Often readers leave questions in the comment sections of individual posts that really deserve an answer.  Just as often I am remiss in delivering to the deserved, and for that I apologize.  In partial penance, I offer this post.  Be, however, forwarned -- the econgeek rating on this one is pretty high.

Weeks back I linked to this from Mark Thoma:

Efficiency wage theory asserts that higher wages make workers more productive. In these models, wages cannot be lowered because the cost of falling productivity is larger than the savings from lower wages. Thus, lowering wages would increase costs of production...

... it is possible that increasing the minimum wage will increase effort. If the theory that higher wages cause higher effort has validity at all, it ought to affect workers at the lower end of the wage distribution who are most likely to be discouraged and shirk on the job. Alternatively, an increase in the minimum wage might attract more productive, discouraged workers back into the labor force.

My pal pgl asked:

What did you think of Dr. Thoma's efficiency wage defense for the minimum wage?

My answer: Well, I'm a neoclassical guy at heart, so I've never really thought that much about efficiency wage theory  However, I am big fan of a (probably) not so well known paper by Mark Bils and Yongsun Chang that allows for varying labor effort when wages are pushed away from where unfettered market forces would take them. Bils and Chang are not concerned with the minimum wage, but changes in effective real wages that occur over the business cycle when nominal, or dollar, wages fail to adjust to equate demand and supply in the labor market.

The idea can be illustrated in a few pictures, adapted from Bils and Chang.  Suppose that the labor market in its original state rests at a point like E in the following graph:

   

Bils_and_chang_graph_2

   

Now suppose that something happens, and the effective wage rises to (W/P) 1 .  Bils and Chang are thinking about a situation in which the price level P falls, but the nominal wage (W) is "sticky", or slow to adjust.  For the moment, however, feel free to think of this increase in the real wage as a mandated rise in the minimum wage.

There is obviously a bit of problem here.  Given the demand and supply curves, the quantity of labor businesses want to hire at this new higher wage is less than the amount workers are willing to supply.

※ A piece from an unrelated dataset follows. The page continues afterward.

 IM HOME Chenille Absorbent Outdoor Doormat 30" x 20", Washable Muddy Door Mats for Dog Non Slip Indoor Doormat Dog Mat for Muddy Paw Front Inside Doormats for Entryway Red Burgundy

In the usual case, the quantity of labor hired falls to the level businesses are willing to take, and workers end up wanting more hours, but getting less.

But now suppose that workers can, and will, adjust the amount of labor they expend per hour worked.  In this case labor demand will increase, because businesses get more productivity for the wage they pay.  On the other hand, the number of hours workers will supply falls (because they physically tire faster, for example).  The supply and demand curves therefore might change as follows:

   

Bils_and_chang_graph_3

   

Two things are of note.  First, the market is no longer in "disequilibrium":  The adjustment of effort serves to bring the quantities supplied and demanded back into balance at the wage imposed on the market.  Second, how the actual amount of labor employed changes depends on how much the demand and supply curves shift as effort changes.   

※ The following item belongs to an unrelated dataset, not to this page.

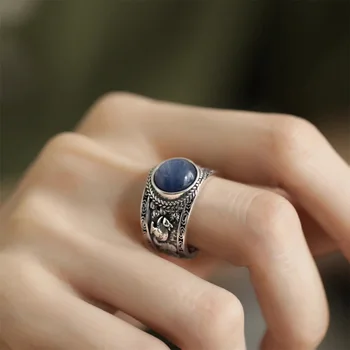 Ретро дизайн Кольцо с синим кристаллом для женщин Модное Универсальное кольцо с резным животным на указательный палец Женская ювелирная вечеринка 2023 Новинка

In their study, Bils and Chang conclude:

... when we compare our model quantitatively to two models without an effort margin, one with flexible wages and one with sticky wages, we find output and consumption behave much like in the flexible-wage economy.

In other words, variable labor effort seems to undo a good measure of the (bad) effects that might otherwise follow from imposing a wage that is "too high".

Might this explain why the data do not speak so clearly on the overall employment effects of the minimum wage?  Maybe.  I suspect that the variability of worker effort is more plausible in a business cycle setting -- where the changes in effort are likely to be transitory responses to temporarily sticky wages -- than it is in the case of minimum wages, where the necessary adjustments in the intensity of work would have to last for a longer period of time. I also suspect that there are plenty of other margins that come into play when a binding minimum wage is imposed -- such as replacing labor with capital or, in the case of the legislation that instigated some of my earlier comments on this topic, moving the new Wal-Mart two feet outside of the Cook County border. 

But the evidence is weak, so my hunch and a dollar still leaves you about three bucks short of a frappuccino. I'll stick with my original support of the position taken at Vox Baby, but it's good to remember that this is a value judgment, about which the economist in me has little standing.